Respect de la loi de séparation de l’Eglise et de l’Etat

lundi 11 avril 2005

Monsieur le Président de la République

Palais de l’Elysée

55, rue du Faubourg Saint-Honoré

75008 PARIS

Le 8 Avril 2005

Objet : Respect de la loi de séparation de l’Eglise et de l’Etat

Monsieur le Président de la République,

Lors de votre dernière élection à la présidence de la République nous vous avions informé de notre inquiétude devant l’importance prise par le « fait religieux » dans le domaine scolaire comme dans la vie sociale. Vous nous aviez répondu en confirmant votre attachement aux lois constitutionnelles de 1789, à l’article 1er de la constitution de 1958 et à la loi de 1905, « comme étant les fondements de nos institutions républicaines. »

Cependant les coups de boutoir portés au principe de laïcité furent tels qu’il fallût légiférer en toute hâte pour calmer les esprits et clarifier les confusions.

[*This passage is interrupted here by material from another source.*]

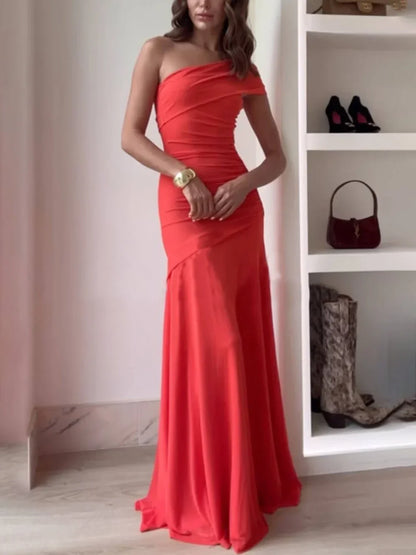 Eliana | Elegant One Shoulder Ruched Asymmetric Evening Maxi Dress
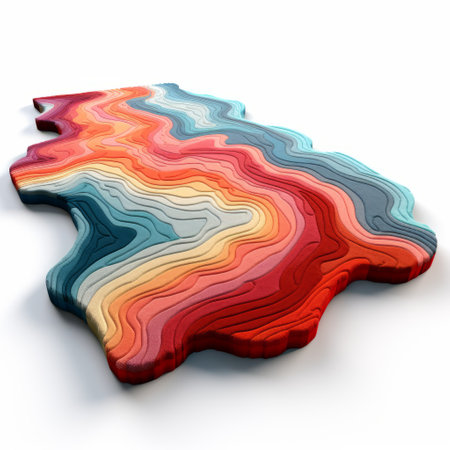 l-shaped topography sculpture by sebastian errazuriz, featuring accurate carving and unmodulated blue and pink colors. created using bryce 3d software, the piece utilizes mundane materials to create a stunning contrast between dark orange and light cyan hues. keywords: l-shaped sculpture, topography, accurate carving, unmodulated colors, bryce 3d, mundane materials, dark orange, light cyan, sebastian errazuriz. ai generatedの素材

Or, voilà que des interventions émanant de vous-même, de votre gouvernement, et de quelques autres rallument, à propos de la mort du Pape, ce climat délétère que nous pensions apaisé ; à ce point que nous ne fûmes pas loin de penser que la religion catholique était en passe de redevenir religion d’Etat ! Alors que la France entière est préoccupée par le centenaire de la loi de Séparation de l’Eglise et de l’Etat, soucieuse de paix et d’entente entre ses concitoyens. Ces initiatives, pour certaines pures divagations, sont franchement hors de saison, totalement à contre sens de toute démarche démocratique et républicaine d’avenir en ce début de siècle. Après son passé glorieux, que vous souligniez, de nation émancipatrice, il y a quelque honte à voir la France céder ainsi aux pressions d’une idéologie religieuse.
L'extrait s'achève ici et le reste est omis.